Captioned web images:
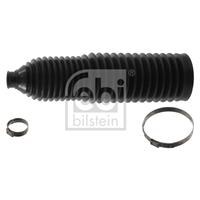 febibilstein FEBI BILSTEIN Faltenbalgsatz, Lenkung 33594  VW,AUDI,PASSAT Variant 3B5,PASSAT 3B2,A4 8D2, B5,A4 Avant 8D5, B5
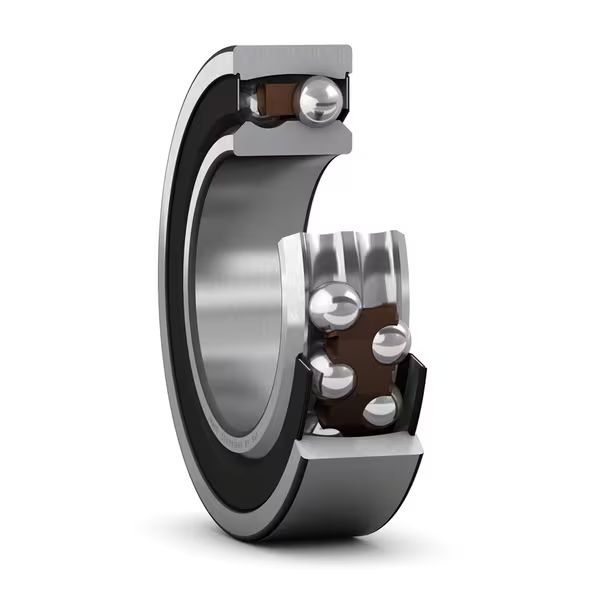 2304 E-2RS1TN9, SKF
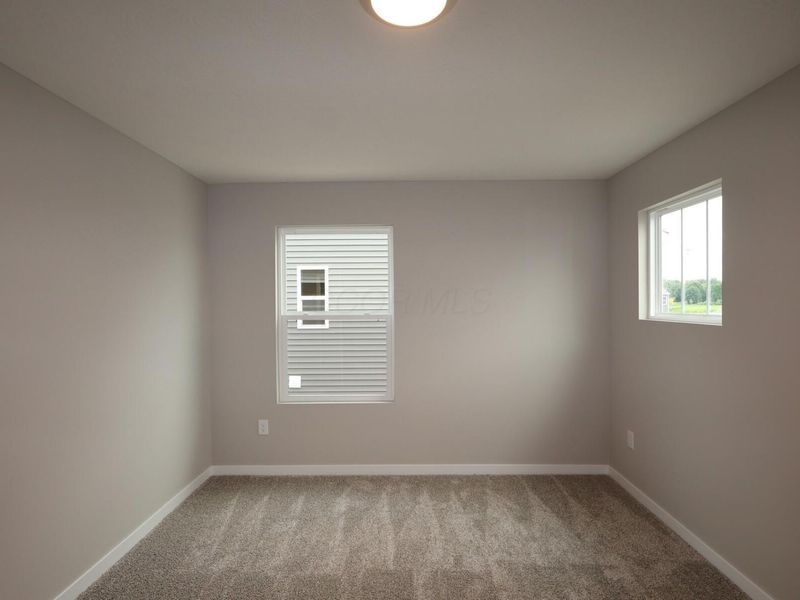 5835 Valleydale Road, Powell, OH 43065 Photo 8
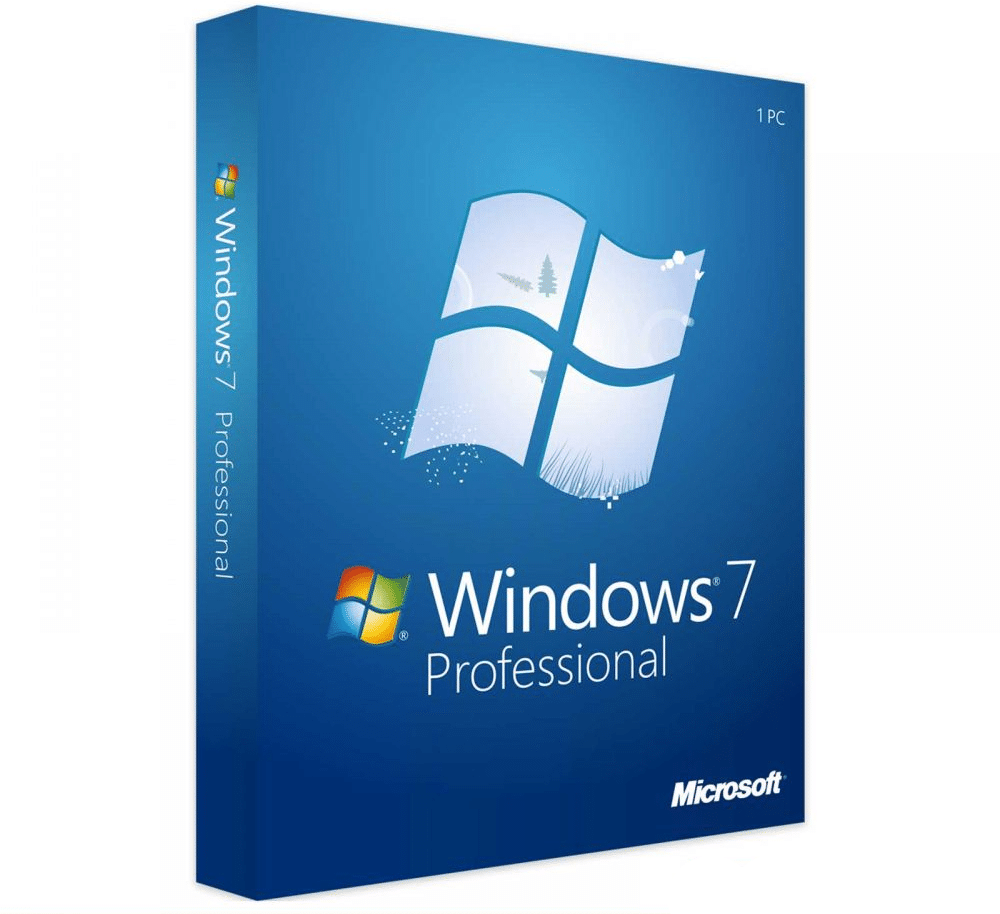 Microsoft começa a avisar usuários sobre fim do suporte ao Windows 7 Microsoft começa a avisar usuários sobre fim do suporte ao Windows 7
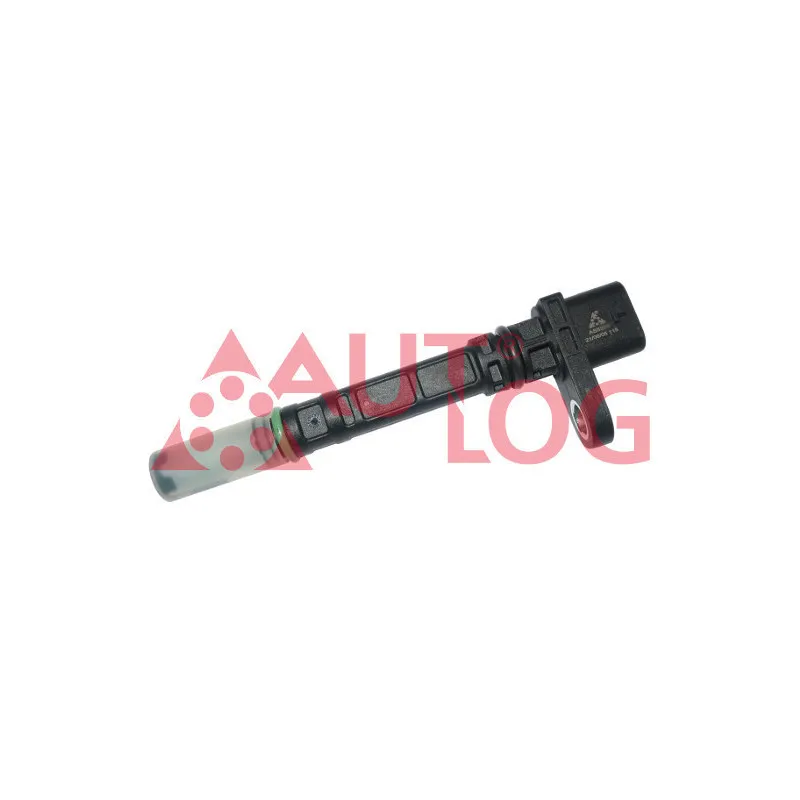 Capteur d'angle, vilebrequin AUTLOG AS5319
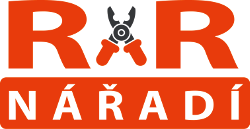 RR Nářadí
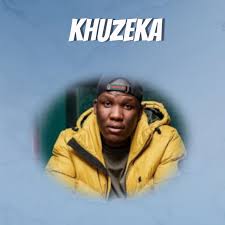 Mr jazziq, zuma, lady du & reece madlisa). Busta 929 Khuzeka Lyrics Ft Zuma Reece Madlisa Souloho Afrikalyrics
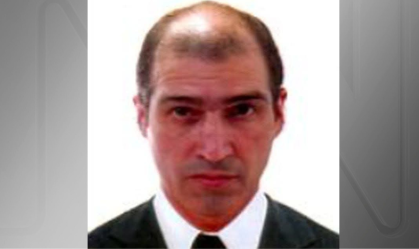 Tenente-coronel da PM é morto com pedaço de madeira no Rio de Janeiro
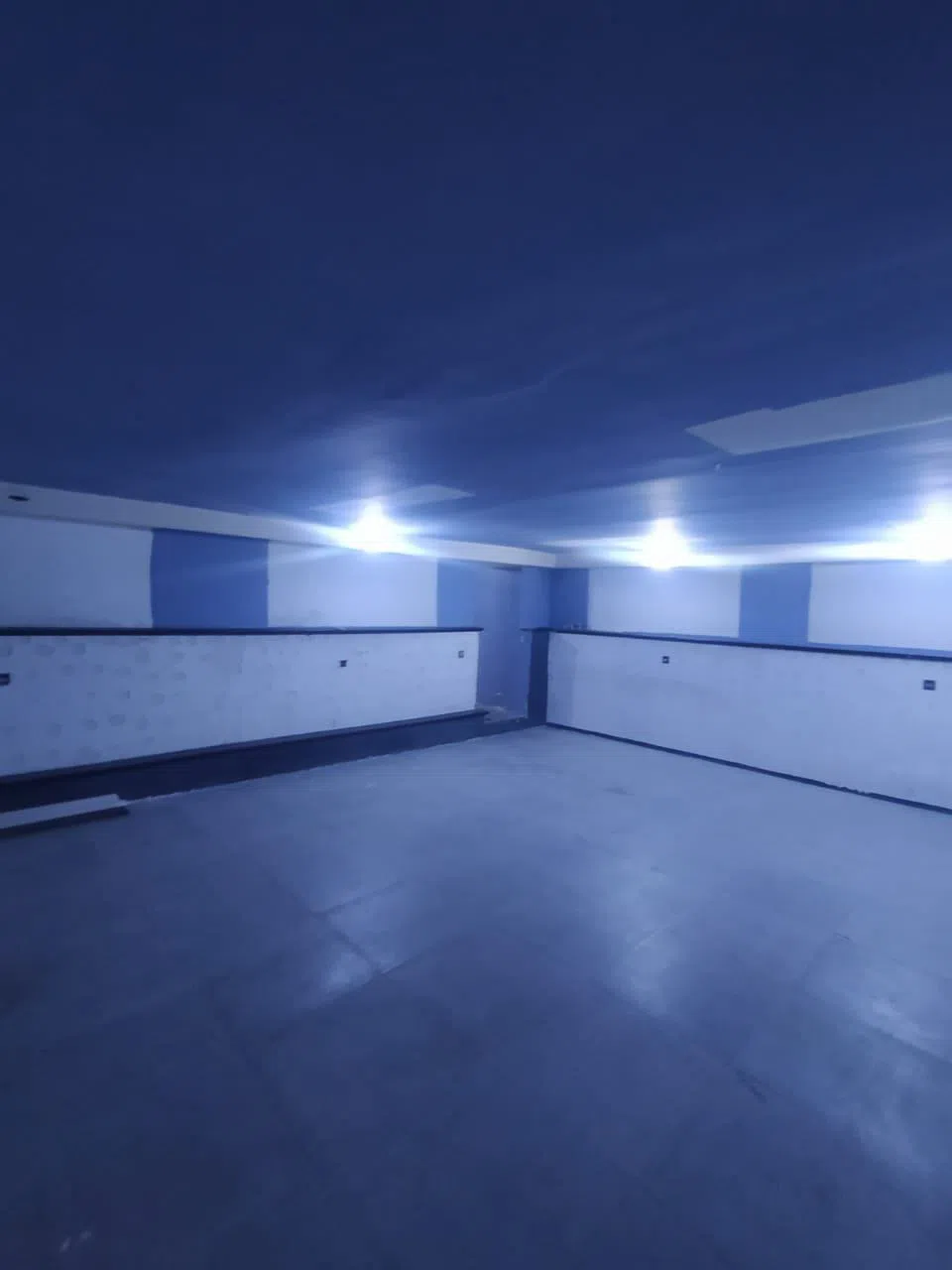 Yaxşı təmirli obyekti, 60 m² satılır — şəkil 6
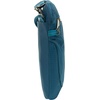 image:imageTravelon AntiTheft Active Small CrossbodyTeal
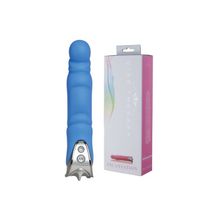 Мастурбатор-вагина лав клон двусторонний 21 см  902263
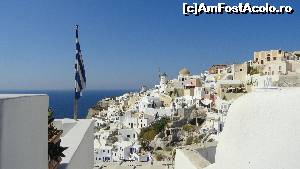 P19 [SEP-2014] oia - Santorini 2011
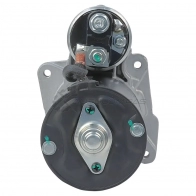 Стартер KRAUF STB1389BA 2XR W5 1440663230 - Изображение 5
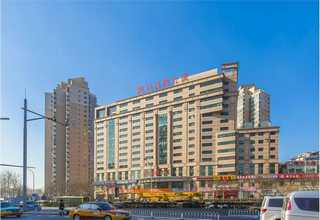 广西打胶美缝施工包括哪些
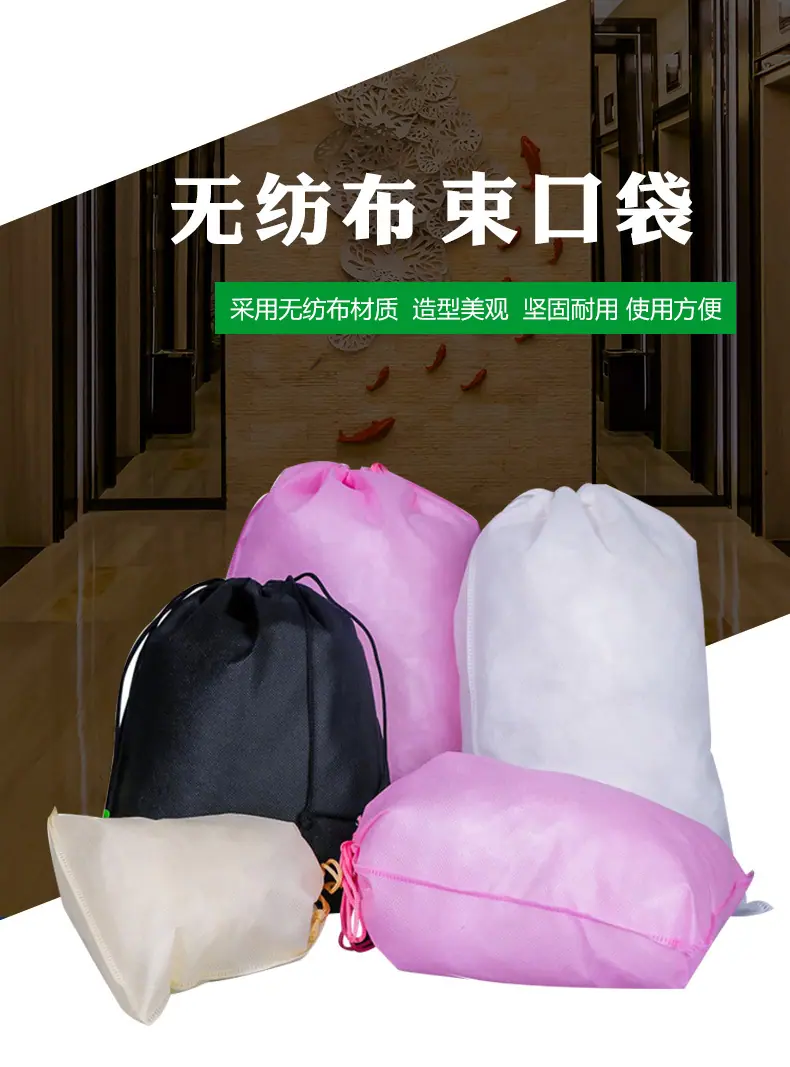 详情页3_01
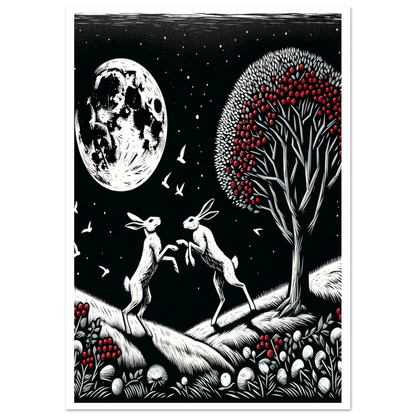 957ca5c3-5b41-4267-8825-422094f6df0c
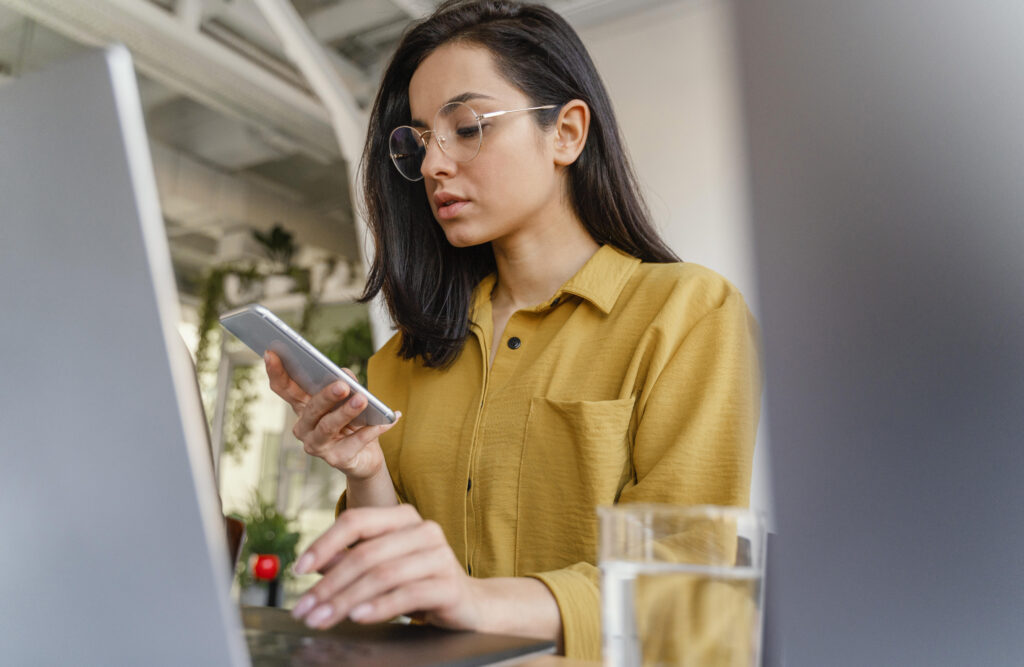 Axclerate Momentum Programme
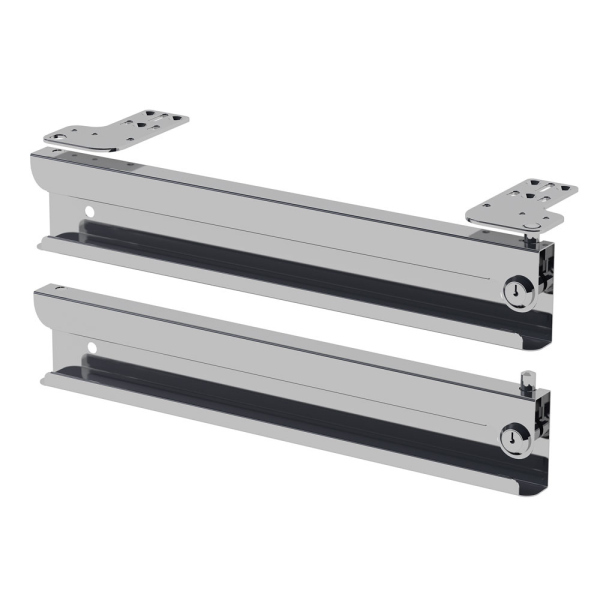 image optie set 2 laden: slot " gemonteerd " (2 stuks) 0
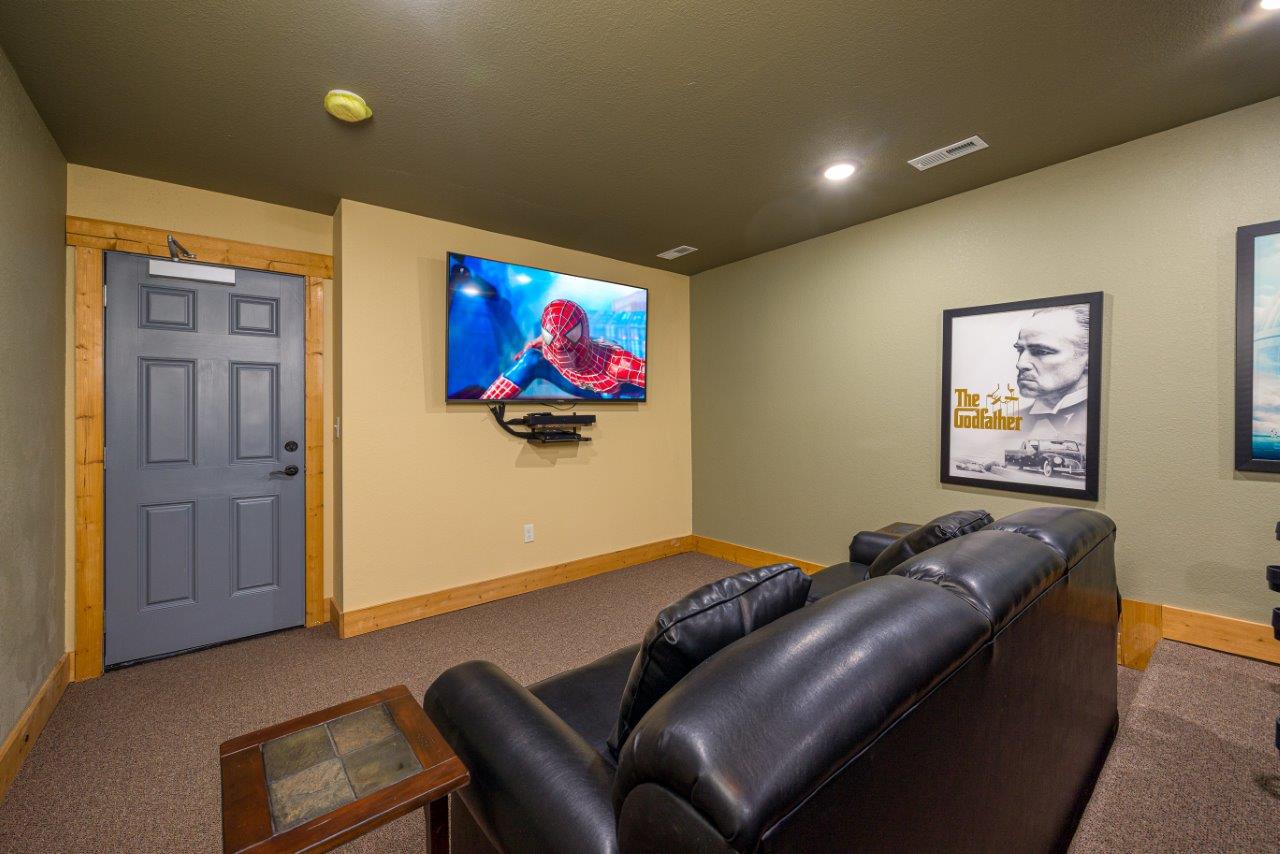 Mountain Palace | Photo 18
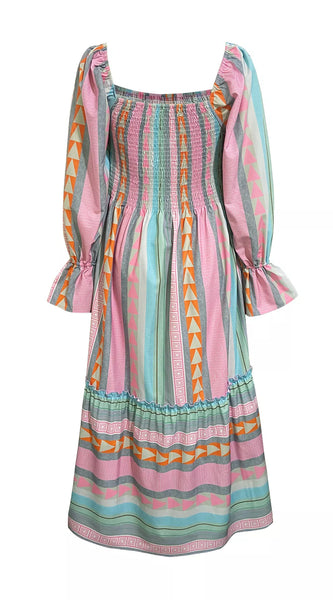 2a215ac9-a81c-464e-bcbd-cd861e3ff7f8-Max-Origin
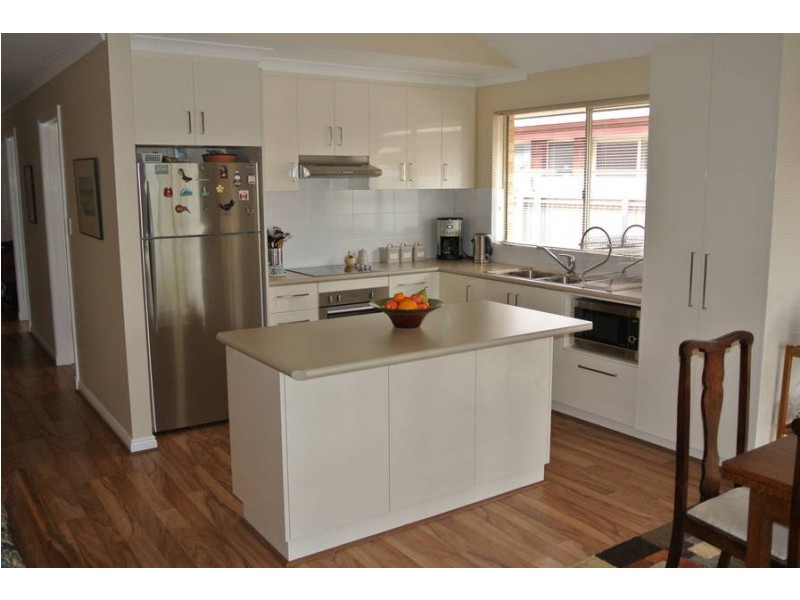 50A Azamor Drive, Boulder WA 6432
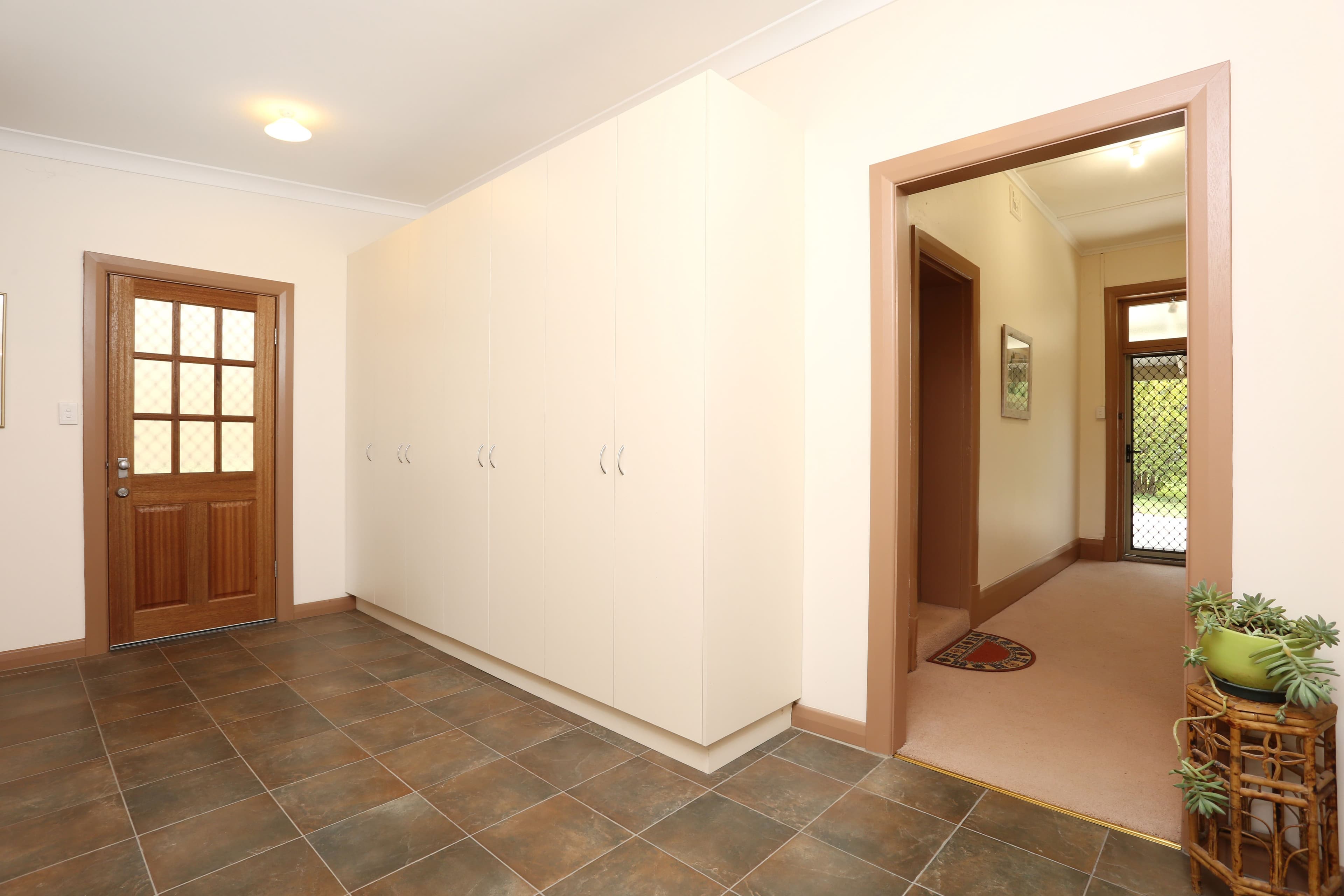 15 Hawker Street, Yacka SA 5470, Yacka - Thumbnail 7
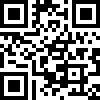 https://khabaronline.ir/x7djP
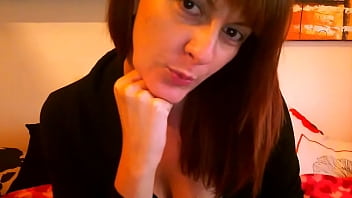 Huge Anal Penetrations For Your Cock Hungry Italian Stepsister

■ **What to work on**:
Return only the lines running from the start of the entries above to the line that contains "5835 Valleydale Road, Powell, OH", inclusive, and omit every picture.

■ **Reply**:
 febibilstein FEBI BILSTEIN Faltenbalgsatz, Lenkung 33594  VW,AUDI,PASSAT Variant 3B5,PASSAT 3B2,A4 8D2, B5,A4 Avant 8D5, B5
 2304 E-2RS1TN9, SKF
 5835 Valleydale Road, Powell, OH 43065 Photo 8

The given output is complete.